Segway-Ninebot Intends to Go Public on China’s Star Market
Registered in the Cayman Islands, the loss-making short-distance personal transporter manufacturer might become the first firm to issue Chinese Depository Receipts (CDR) on the new sci-tech board.
Lately unprofitable Segway-Ninebot (九号机器人, A19108:SH) saw the status of its Star board initial public offering application changing to “accepted” once again on August 13.
The self-balancing scooter manufacturer filed for an IPO on the Star Market (download the recent EqualOcean report about the new venue) on April 17, intending to raise over CNY 2 billion (USD 283.93 million) to expand its business scale. One month later, its application got suspended by the bourse. It got back on track earlier this week after the company provided the Shanghai exchange with the required information.
"This listing will give Segway-Ninebot much greater consumer visibility. Besides, the firm is likely to go public again -- on Nasdaq."
Thomas Yao, Partner at IMO.VC
Founded in 2014, Ninebot is a Beijing-based micromobility tool producer registered in the Cayman Islands. In April 2015 the company acquired its American nemesis Segway, while raising USD 80 million from a handful of world-renowned investors including its client Xiaomi (1810:HK), Sequoia Capital and Shunwei Capital (顺为资本).
This is one of the two overseas-registered companies that have submitted applications to list on the Star board. As mentioned in the company’s prospectus, ICBC (Industrial and Commercial Bank of China, 1398:HK) will buy over 7 million A shares from the firm, selling Chinese Depository Receipts (CDR) at a ratio of 10:1 on the Shanghai bourse.

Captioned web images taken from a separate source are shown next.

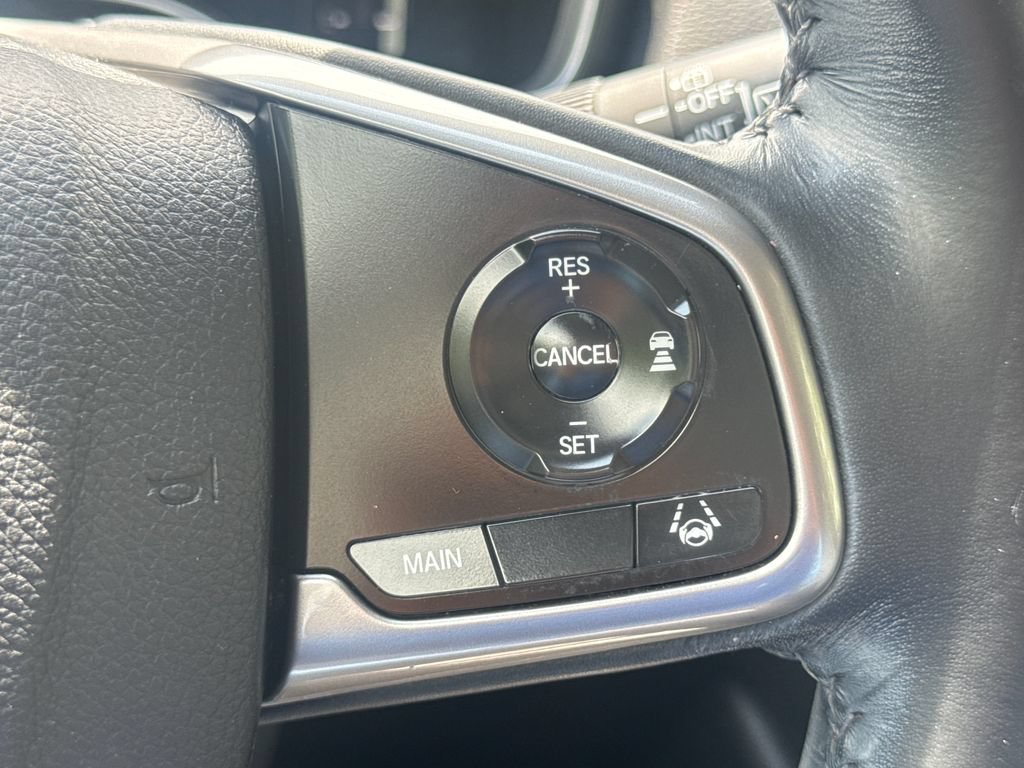Certified 2019 Honda CR-V EX-L image 29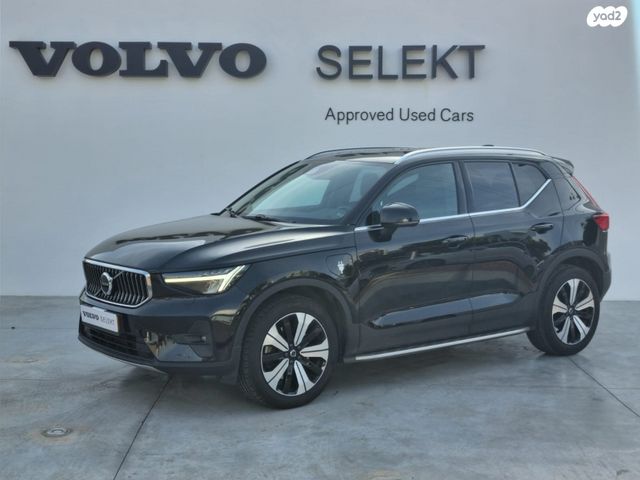 מודעת רכב וולוו XC40
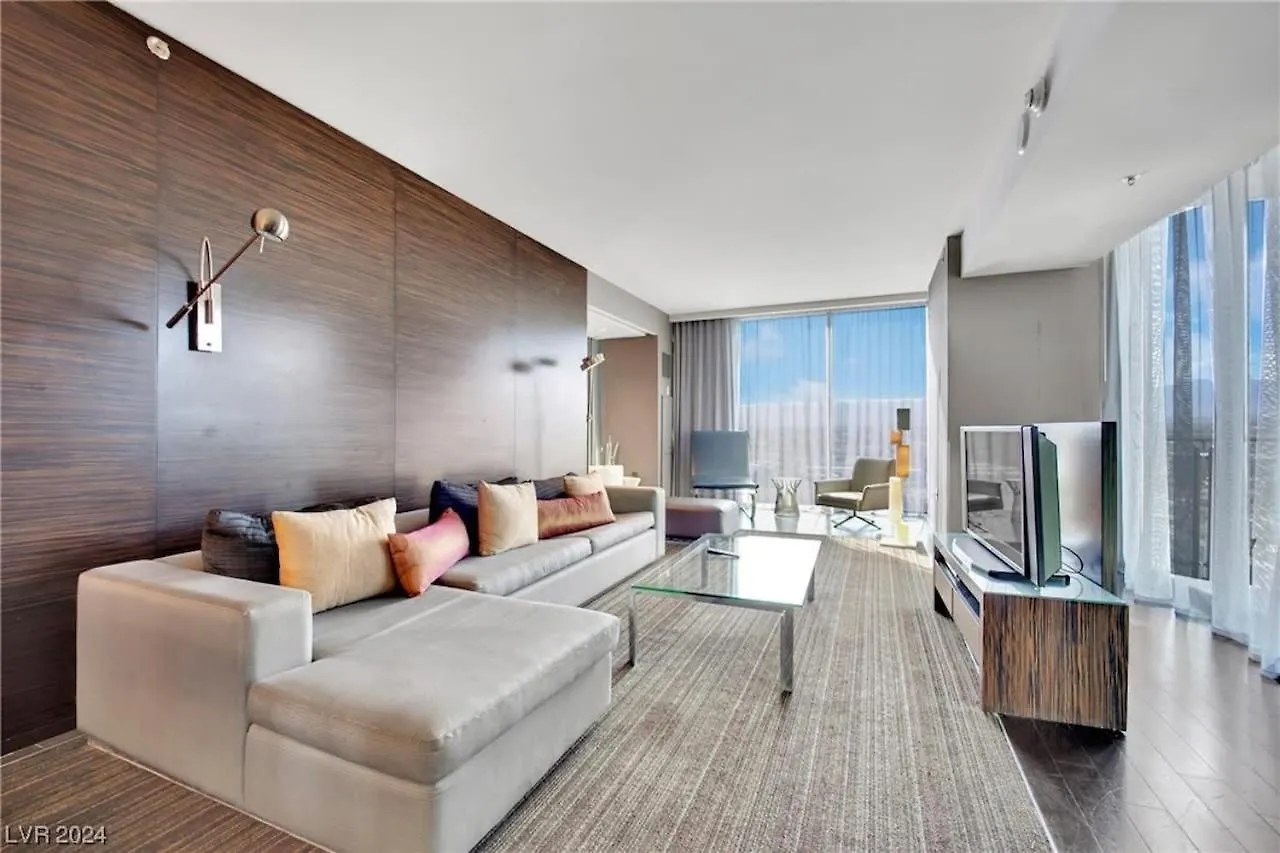 Luxury 1Br Palms Strip View Balcony Access 37322 Vila Las Vegas 0*,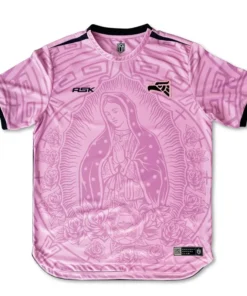 MEXICO GUADALUPE COPA PINK JERSEY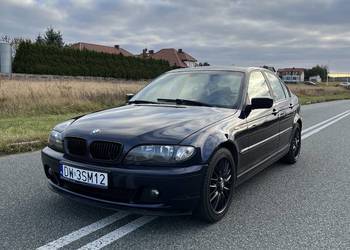 BMW e46 seria 3 325i polift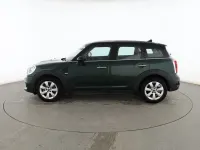 Begagnad Mini Cooper Countryman 136 HK (100 kW) 2017 Grön SUV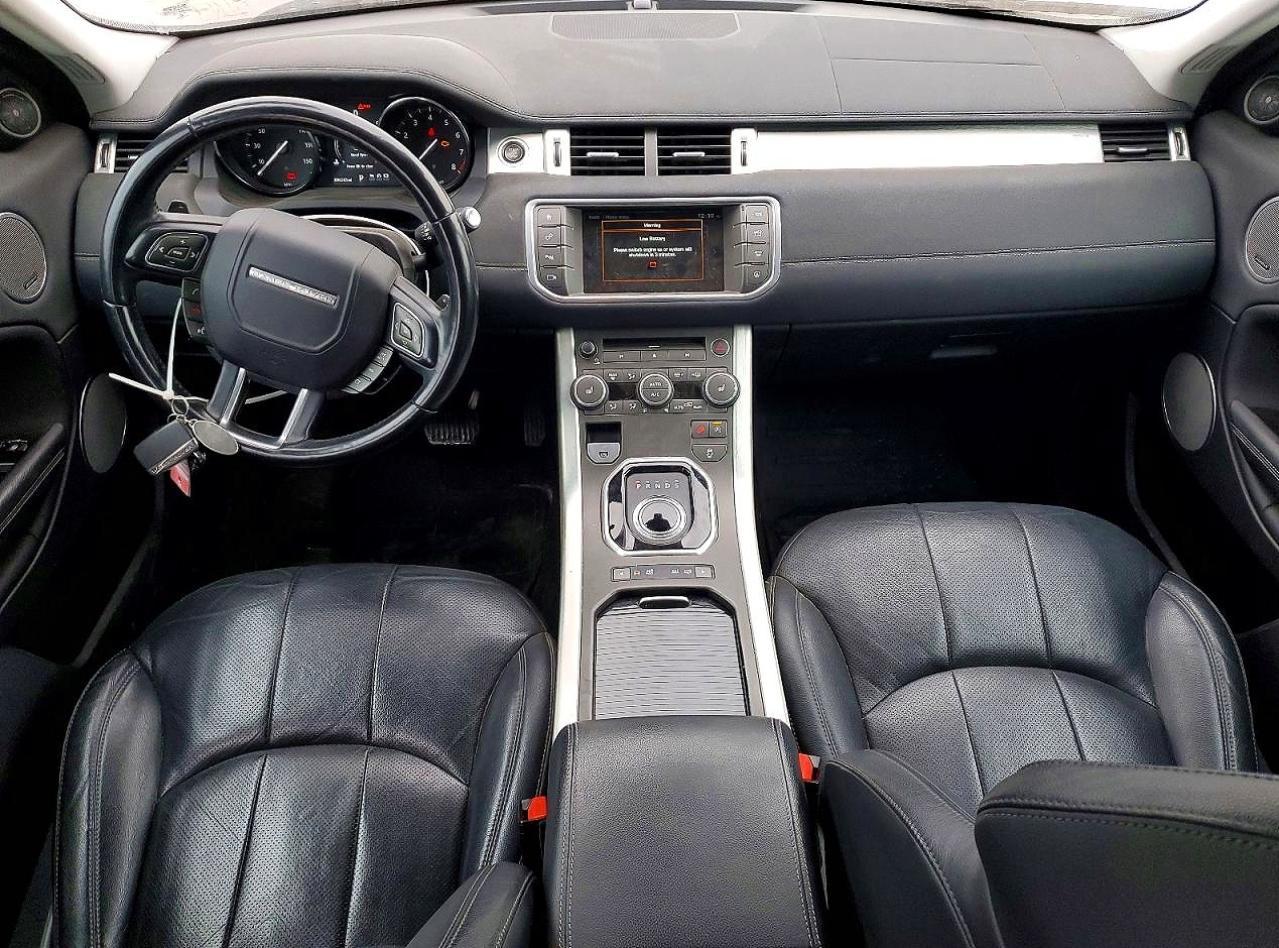2016 LAND ROVER RANGE ROVER EVOQUE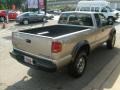 Sandalwood Metallic - S10 LS Extended Cab 4x4 Photo No. 5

There is a plethora of famous names among Ninebot’s customers: abovementioned Xiaomi, which has been purchasing over half of the firm’s output since 2016, shared mobility giants such as Bird, Lime, Lyft (LYFT:NASDAQ) and Uber (UBER:NYSE) and global retailers like Walmart (WMT:NYSE), Athena (ATHENA:CPH) and MediaMart.
Despite having an impressive downstream network, it is yet to be profitable. The firm lost CNY 1.80 billion (USD 256 million), CNY 627.28 million (USD 89.04 million) and CNY 157.60 million (USD 22.37 million) in 2018, 2017 and 2016 respectively. At the same time, its operating revenue jumped from CNY 1.15 billion (USD 163.24 million) in 2016 to CNY 4.25 billion (USD 603.29 million) last year, averaging a CAGR of 92.24%.
Concerns abound for this listing. For one, Xiaomi is the company’s major downstream partner that made up 55.75%, 73.76% and 57.31% of Ninebot’s revenue in 2016, 2017 and 2018. The danger of dependency on one client is exacerbated by possible conflicts on intellectual property: the transporter maker’s core technology is vulnerable to theft or imitation. This risk is compounded by the firm's relative tiny R&D expenditure (2.9% of its revenue in 2018).
The micromobility market is recently on the upswing. According to McKinsey, it is projected to be worth between USD 200 billion and USD 300 billion by 2030 in the U.S., USD 100-150 billion in Europe, and USD 30-50 billion in China.